Status

Current state: Under Discussion

Discussion thread: here

Please keep the discussion on the mailing list rather than commenting on the wiki (wiki discussions get unwieldy fast).

Motivation

Today a Kafka Streams application will implicitly create state. This state is used for storing intermediate data such as aggregation results. The state is also used to store KTable’s data when they are materialized. The problem this document addresses is that this state is hidden from application developers and they cannot access it directly. The DSL allows users to make a copy of the data (using the through operator) but this leads to a doubling in the amount of state that is kept. In addition, this leads to extra IOs to external databases/key value stores that could potentially slow down the entire pipeline.

Here is a simple example that illustrates the problem:

1 KTable<String, Long> wordCounts = textLine

2 .flatMapValues(value ->Arrays.asList(value.toLowerCase().split("\\W+")))

3 .map((key, word) -> new KeyValue<>(word, word)
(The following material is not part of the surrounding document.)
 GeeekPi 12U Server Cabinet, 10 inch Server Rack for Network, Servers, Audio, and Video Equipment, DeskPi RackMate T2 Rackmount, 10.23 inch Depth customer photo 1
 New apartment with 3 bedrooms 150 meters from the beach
4 .countByKey("StoreName")

5 wordCounts.to(Serdes.String(), Serdes.Long(), "streams-wordcount-output");

In line 4, the aggregation already maintains state in a store called StoreName, however that store cannot be directly queried by the developer. Instead, the developer makes a copy of the data in that store into a topic called streams-wordcount-output. Subsequently, the developer might instantiate its own database after reading the data from that topic (this step is not shown above). This is shown in illustration (a):

Proposed changes

We propose to make the Kafka Streams internal state stores visible to external queries. The internal state stores include all processor node stores used implicitly (through DSL) or explicitly (through low level Processor API). Benefits of this approach include:

Avoid duplicating data
Avoid extra IOs
Fewer moving pieces in the end-to-end architecture by avoiding unneeded state stores
Ability to colocate data and processing (e.g., in situations where many rows are scanned per operation).

The proposal can be thought as having two distinct steps as described below.
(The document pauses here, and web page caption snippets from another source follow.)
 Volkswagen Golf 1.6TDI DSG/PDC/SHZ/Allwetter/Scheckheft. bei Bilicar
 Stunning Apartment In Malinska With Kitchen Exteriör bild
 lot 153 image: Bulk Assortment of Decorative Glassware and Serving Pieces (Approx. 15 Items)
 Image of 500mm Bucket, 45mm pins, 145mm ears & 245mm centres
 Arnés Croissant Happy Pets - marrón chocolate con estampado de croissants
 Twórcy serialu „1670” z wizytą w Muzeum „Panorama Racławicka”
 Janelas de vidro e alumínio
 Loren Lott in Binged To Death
Step 1 in proposal: expose state store names to DSL and local queries

The stream store namespace is local to a KStreams instance, i.e., it is part of the same process that the KStreams instance is in. Conceptually the code to access such a store would look like this:

KafkaStreams streams = new KafkaStreams(..);

ReadOnlyKeyValueStore store = streams.getStore("storeName", QueryableStoreTypes.keyValueStore());

The state store is discovered by querying the KafkaStreams instance. The query operations will be read-only, i.e., no updates. The query method is calling methods of the StateStore object.

Step 2 in proposal: global discovery of state stores

The second step adds to the first by having the namespace be global. The figure below shows two KStream instances on potentially different servers and two state stores each backed up by their own Kafka topic. An additional proposed component in the diagram is a logical discovery component. Conceptually this component provides a lookup API that keeps track of the mapping between a state store name and the KafkaStreams instance that owns that state store.
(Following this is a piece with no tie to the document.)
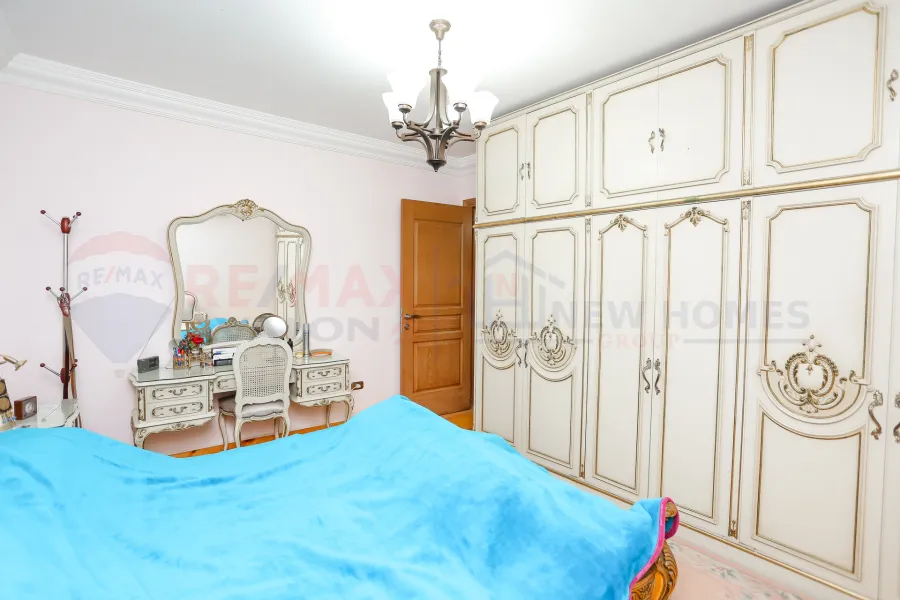 Furnished apartment for rent 180 m Smouha (Moustafa Kamel main st.)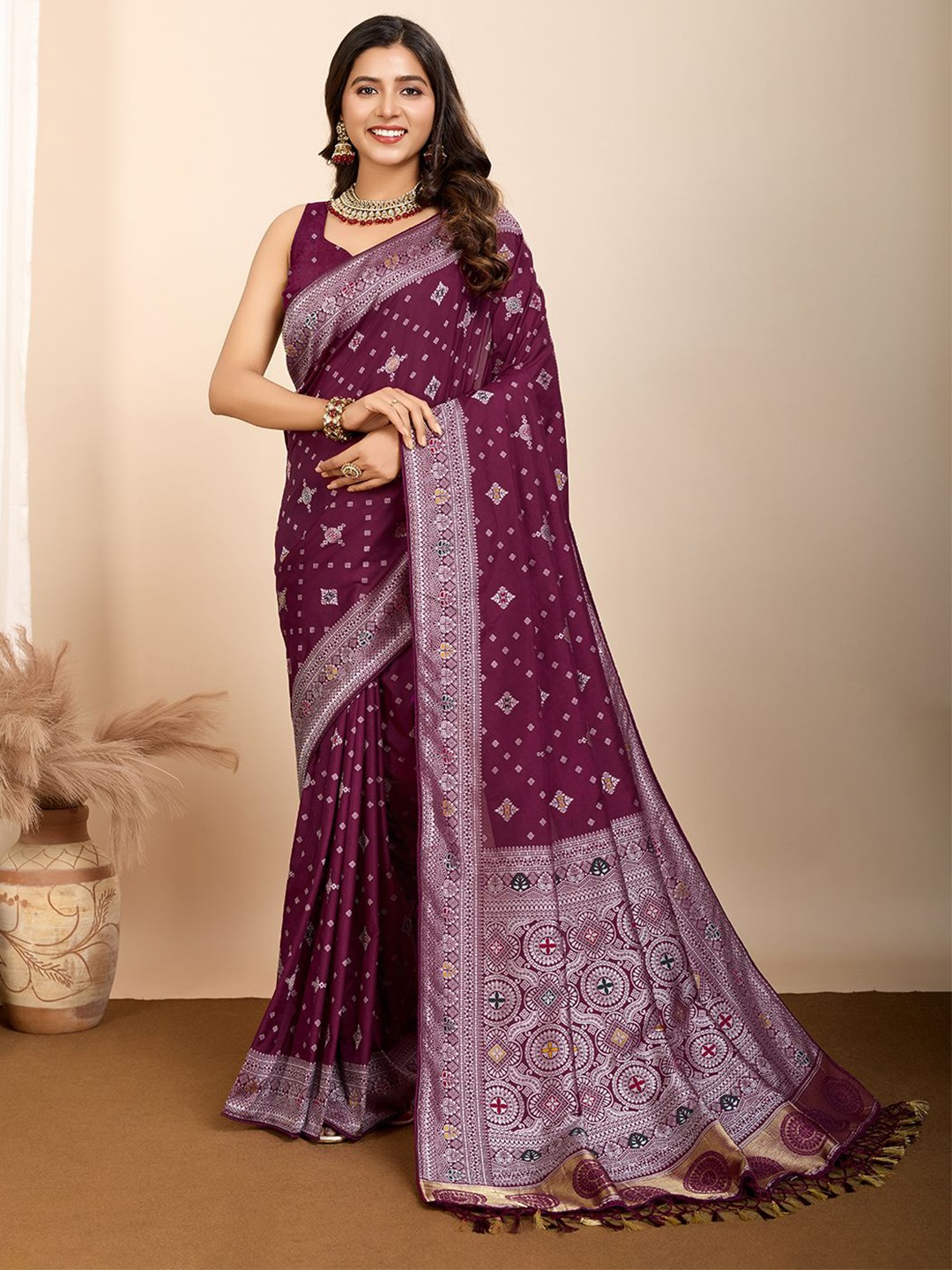 

Nimidiya Woven Design Zari Pure Silk Patola Saree, Magenta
Hence, the discovery API is part of the KafkaStreams instance. The API will provide three methods:

Map<HostState, Set<TaskMetadata>> KafkaStreams.getAllTasks() where TaskMetadata has fields such as list of assigned partitions, list of state store names, etc; and HostState can include host metadata (byte array), hostname / port, etc. The port is the listening port of a user-defined listener that users provide to listen for queries (e.g., using REST APIs). More on the user-defined agent below.
Map<HostState, Set<TaskMetadata>> KafkaStreams.getAllTasks(String /* storeName */) would return only the hosts and their assigned tasks if at least one of the tasks include the given store name.
Map<HostState, Set<TaskMetadata>> KafkaStreams.getTask(Key k, String /* storeName */) would return only the host and their assigned task if the store with the store name has a particular key.

The individual discovery instances will know about all mappings between state store names, keys and KafkaStream instances. We propose that they keep track of this information by piggybacking on the consumer group membership protocol. In particular, we propose to add the above mapping Map<HostState, Set<TaskMetadata>> to StreamPartitionAssignor so that each consumer knows about all the other tasks metadata and host states in the system.

Bootstrapping. To bootstrap the discovery, a user can simply query the discovery instance of any one of the KafkaStream instances she operates, i.e., bootstrap happens within a single KafkaStream instance.

User-defined listener. This design option simply provides a discovery API and the ability to find a state store. Once a state store is found, then the store is queried using the APIs in step 1. However, this KIP stops short of providing a listener on each KafkaStream instance that actually listens for remote queries (e.g., through REST). It is assumed that the user will write such a listener themselves. So the scope for Apache Kafka is the discovery API (through existing consumer membership protocol) and the queries as specified in the step 1.

Operations on state stores

The focus is on querying state stores, not updating them. It is not clear what it would mean to update a state store from outside the stream processing framework. Such updates are likely to introduce undefined behavior to the framework. This KIP does not support updates.

The operations of the state store will be the query-only operations of whatever state store the user has plugged in. Some examples (full API in a subsequent section):

If the plugged in state store is a RocksDB key-value state store: V get(K key);
If the plugged in state store is a RocksDB-backed window store: WindowStoreIterator<V> fetch(K key, long timeFrom, long timeTo);

Handling failures

Tasks, and thus StateStores, can be re-assigned to threads anytime. This could happen after a failure of a server on which KafkaStreams is running, or for load balancing. During any re-assignment of state stores, they will not be available for querying until they are fully restored and ready to be used by the KafkaStreams instance.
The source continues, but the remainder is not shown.